◆ What you should do
Pictures stay out of the copy. Everything else in the records must be repeated exactly.

◆ Data
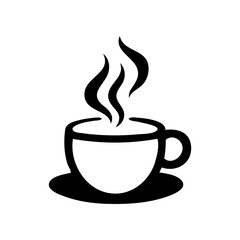 A black coffee cup with steam rising from it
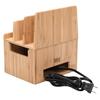 Bamboo Universal Multi Device Cord Organizer Stand and Charging Station for Smartphones, Tablets, and Laptops Includes 6-USB Port Hub Charger with Power Supply view 4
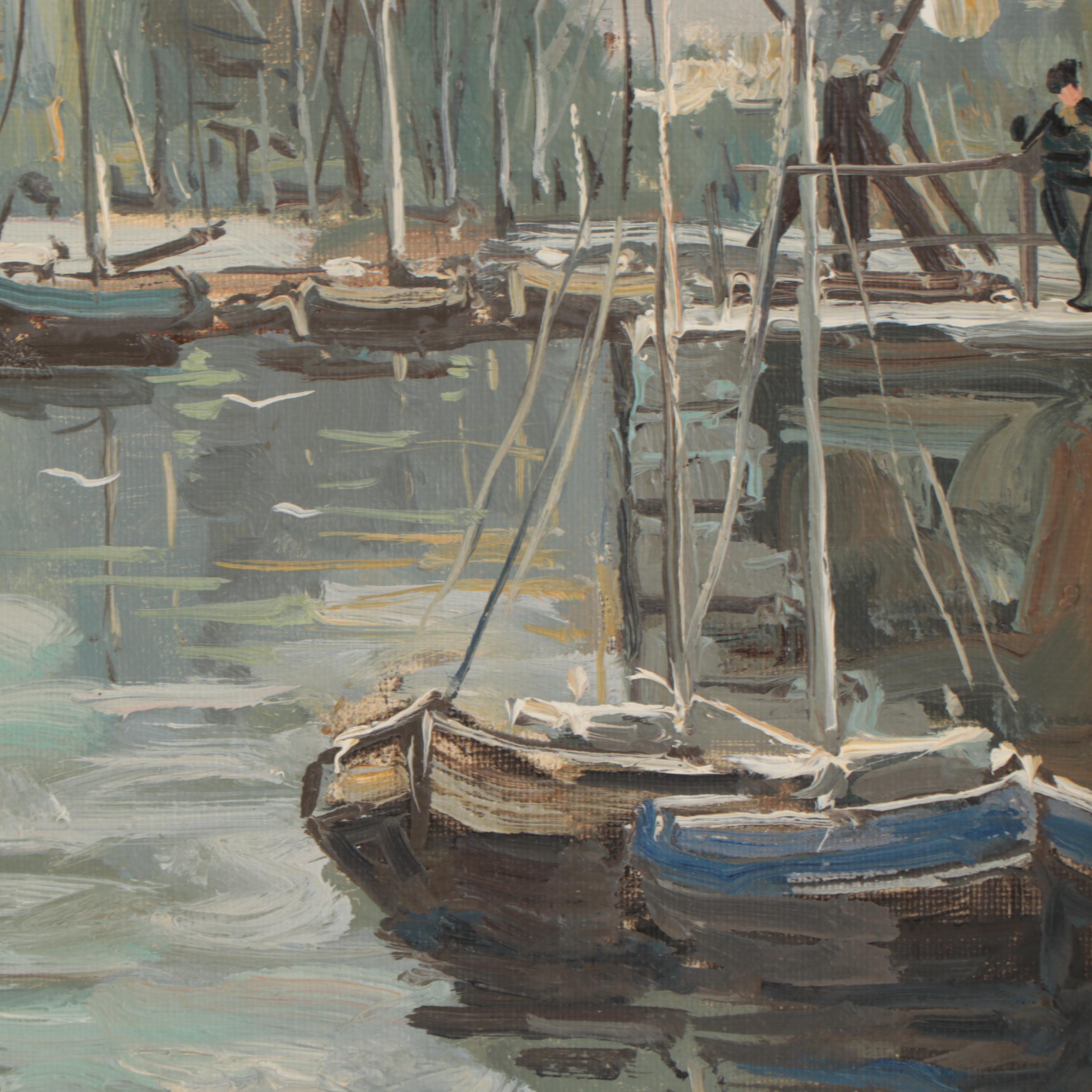 Van Galen Amsterdam Canal Scene Oil Painting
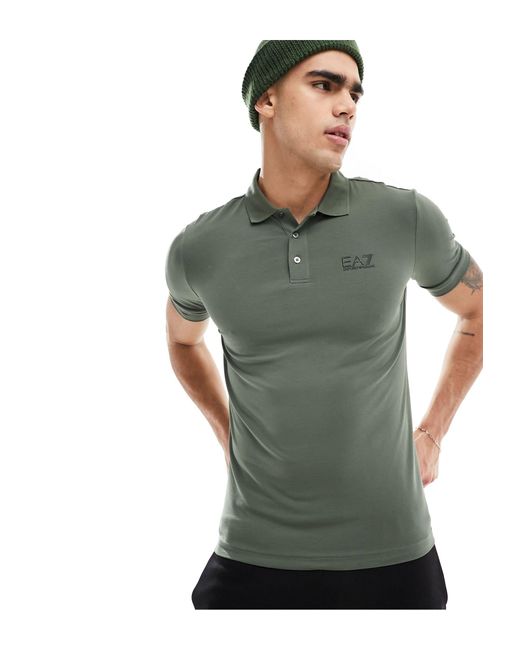 Emporio armani - polo en jersey avec logo - kaki EA7 pour homme en coloris Green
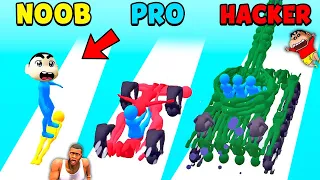 NOOB vs PRO vs HACKER in HUMAN VEHICLE with SHINCHAN and CHOP and AMAAN | Gameplay in Hindi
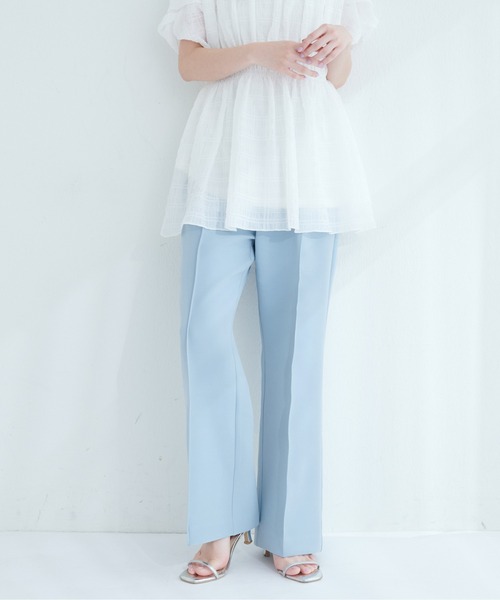 natural couture（ナチュラルクチュール）の「【osono】ハイウエスト美フレアパンツ（その他パンツ・レディース・オフホワイト/サックスブルー/ベージュ・LARGE/MEDIUM/SMALL）」の3枚目の写真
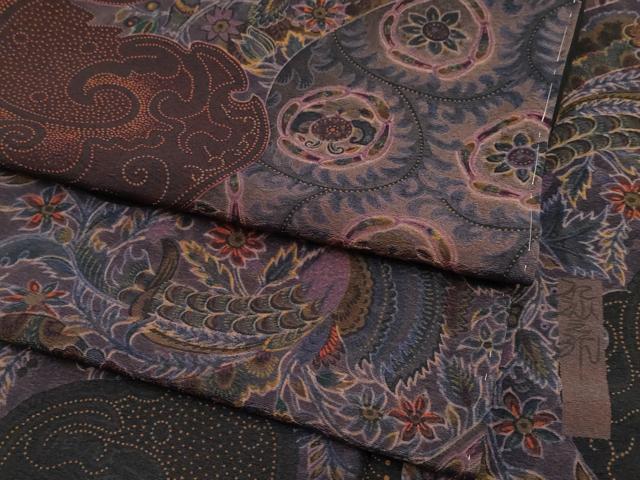 平和屋本店●極上　前田仁仙　仁仙更紗　小紋　花鳥文　逸品　未使用　CYAA4386s6 平和屋本店○極上 前田仁仙 仁仙更紗 小紋 鳳凰花唐草文 逸品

◆ Reply
 A black coffee cup with steam rising from it
 Bamboo Universal Multi Device Cord Organizer Stand and Charging Station for Smartphones, Tablets, and Laptops Includes 6-USB Port Hub Charger with Power Supply view 4
 Van Galen Amsterdam Canal Scene Oil Painting
 Emporio armani - polo en jersey avec logo - kaki EA7 pour homme en coloris Green
 NOOB vs PRO vs HACKER in HUMAN VEHICLE with SHINCHAN and CHOP and AMAAN | Gameplay in Hindi
 natural couture（ナチュラルクチュール）の「【osono】ハイウエスト美フレアパンツ（その他パンツ・レディース・オフホワイト/サックスブルー/ベージュ・LARGE/MEDIUM/SMALL）」の3枚目の写真
 平和屋本店●極上　前田仁仙　仁仙更紗　小紋　花鳥文　逸品　未使用　CYAA4386s6 平和屋本店○極上 前田仁仙 仁仙更紗 小紋 鳳凰花唐草文 逸品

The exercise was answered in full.